As part of the program for its seventeenth annual event, the SouthSide Film Festival in Bethlehem, Pennsylvania, made Impact an Official Selection and screened the film on June 17, 2021.

Impact's Upstate New York premier came on April 29, 2021, at the New York Writers Institute's inaugural Albany Film Festival. It was also the big-screen premier of the film, taking place at the Malta Drive-In in Saratoga County. 

In March 2021, filmmaker Rik Scarce was profiled in the Albany Times Union. Columnist Paul Grondhal spoke with Rik about Impact and barefoot-minimalist running.

 

Impact premiered at the Austin Indie Fest film festival on November 22, 2020, winning the Audience Choice Award.

                                                                                                                                

The Skinny on Impact 

Impact's story began in the spring of 2012, when college professor and documentary filmmaker Rik Scarce needed new orthotics. Prescription in hand, he set out to track down someone who wasn’t going to charge an arm and a leg to make new ones. Years earlier, Rik had been told he would “never run distance” because of his bio-mechanics, but at the least he wanted to be able to hike and to ride his bike comfortably.

 

Orthotics seemed to be his only option. However, the price tag was steep—he got a cut rate from his former physician on his first pair—and he quickly became curious about alternatives.

Over the course of a few days of looking around, Rik stumbled upon a podiatrist’s website discussing the benefits of barefoot and minimalist running. One thing led to another, and within a week he had purchased a pair of 

New Balance minimalist trail shoes and had driven three hours round-trip to hear Christopher McDougall, author of Born to Run, speak. Rik began running, albeit short distances, in his new shoes, then longer and longer. He soon threw away his orthotics and never replaced them.

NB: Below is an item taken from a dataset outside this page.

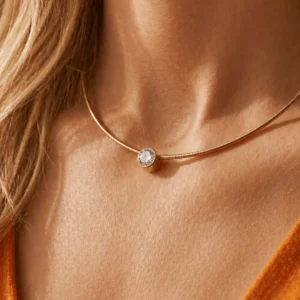 Collier Nuru porté peau dorée chaîne serpent dorée solitaire zirconium top orange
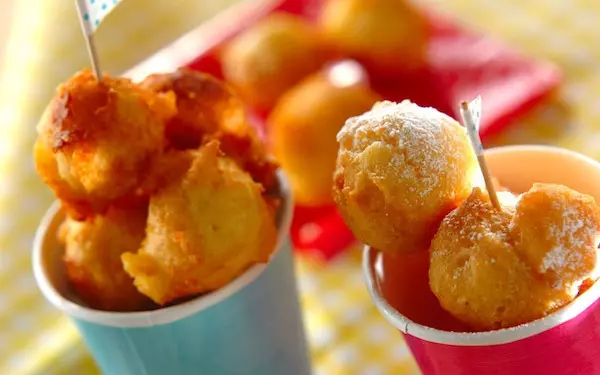 ホットケーキミックスで作る、簡単なひとくちドーナツ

By the fall of 2013, Rik was so excited about barefoot and

minimalist running that he was inspired to teach a first-year seminar on running (not how-to: his students read Born to Run, Running with the Buffaloes, Loneliness of the Long-Distance Runner, and other running-related writings, including scientific articles; they also watched several running films, and did a service project for the local half-marathon). Rik ran his first marathon that fall, too, 16 months after discovering minimalism; in addition, he has run eight half-marathons. Today, he trains in minimalist shoes, adding barefoot runs in warmer weather.

 

Ultimately, Rik decided to film a documentary on the barefoot and minimalist running movement to explore some of the questions he had about it. His aim was to examine the movement as fully as he could, letting people’s stories and insights take the film where they would.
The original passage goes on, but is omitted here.